Fore query "cannot persist Microsoft authentication token cache securely!" (with quotes) Google returns single result, written in Chinese. Luckily I opened that Chinese result and spotted link to that issue.
duck.com does find the issue at hand.
I mean GitHub is no small site, but somehow I expected that Google will find my ANY public string on the internet.
Not that it doesn't find issues at all - but I stumbled upon this one that got left out.
Sometimes I can't find anything non-commercial. For instance, I wanted to find out where the phrase "milk and honey" comes from. Googling it only yields a book for sale. But a Wikipedia search for it, which is one click away in Firefox, gives me this page [0] which is exactly what I wanted to know.
Looks like Google no longer acts on the mission to organize the world's information, but focuses on making money.
My tip is to try to avoid searching. Ask yourself where the information may be located. Then try to find that location if you do not already know it.
GitHub is absurdly large in terms of the number of documents since there's ostensibly a "document" per file and commit, it's likely the crawling budget Google affords GitHub simply runs out before they've crawled it all unless they implement special logic to prioritize issues and about-pages.
Is it the case tough? Does Google index everything? I don't think it's the case.

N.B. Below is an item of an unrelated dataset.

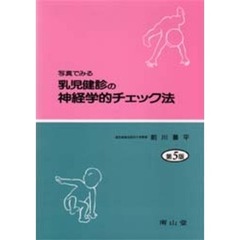 写真でみる乳児健診の神経学的チェック法　第５版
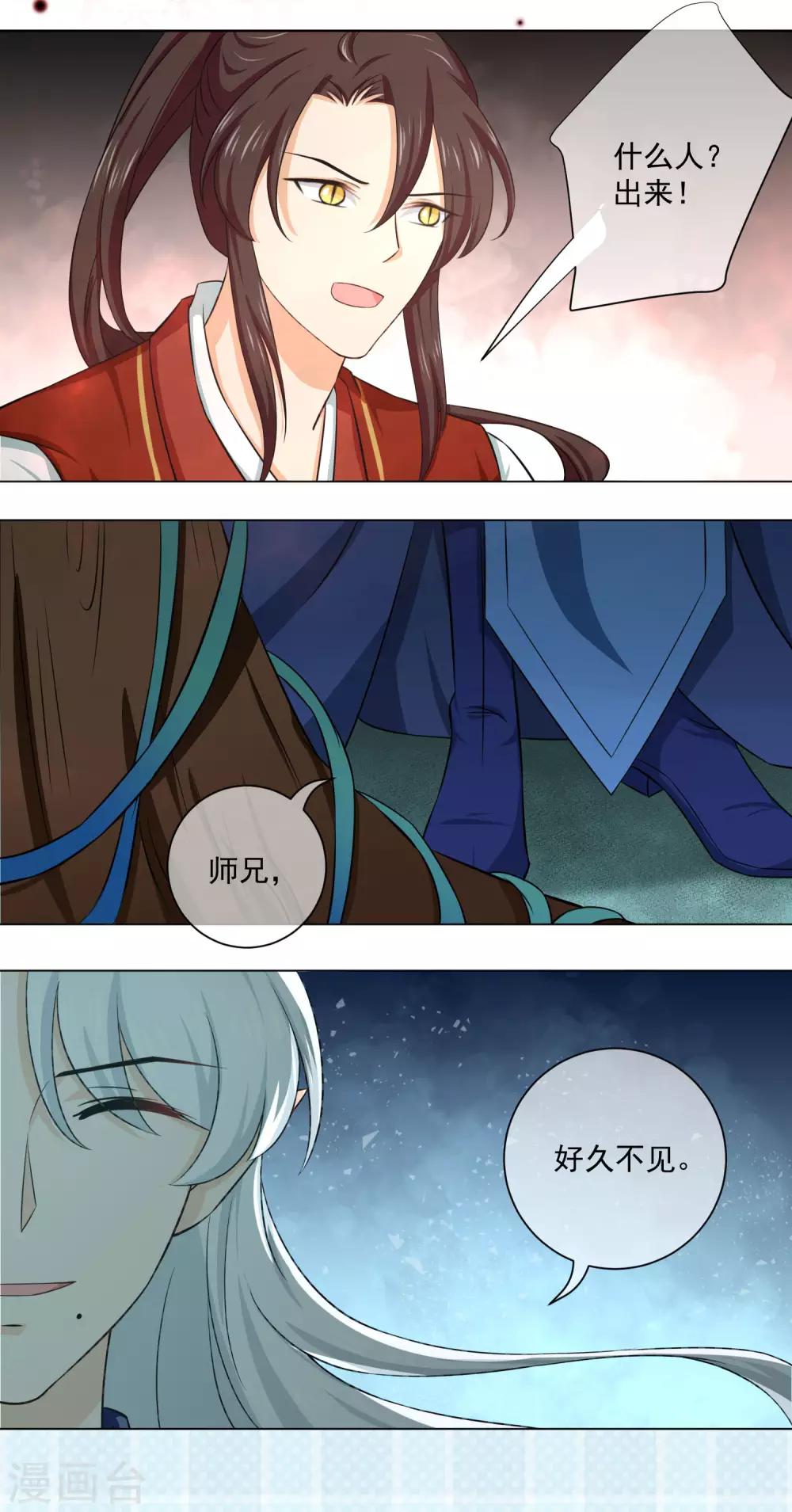 第19话2 师傅不会骗阿衡-第34话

I'm not even sure I can blame them. Creating the search index is a huge investment on Google's side, both in terms of time (can't crawl too fast or else they knock the target offline) and in terms of bandwidth, CPU power, and storage space. But Google needs to operate their search profitably, on average, or else they will go bust. In the long term, I predict that this leads to ever more SEO spam and ever more ads as the internet grows and more and more NLP and AI processing is needed to separate the good results from the bad ones. Filtering gets more expensive => more false positives + need more ads to pay for it.
I've been trying hard (maybe a bit too hard?) to stir up a discussion about people actually paying for the search index, because that would allow them to get the results that they want - private and ad-free - no matter if those results are monetizable with ads or not.
In my opinion, that would make for a nice open source project. In case you're curious:
There's not a lot one can glean about the operation of a search engine from one anecdote; any number of things (including the backing store on which the one copy of this data is indexed being temporarily unavailable) can explain a failure-to-find like this.
But this story does point to both an advantage a meta-search like DDG has and a best practice: different search engines will give different answers. Keep several in your back pocket; don't assume Google is omniscient.
A solution is to move most of the documentation to self-hosted website, leaving only references in the code itself.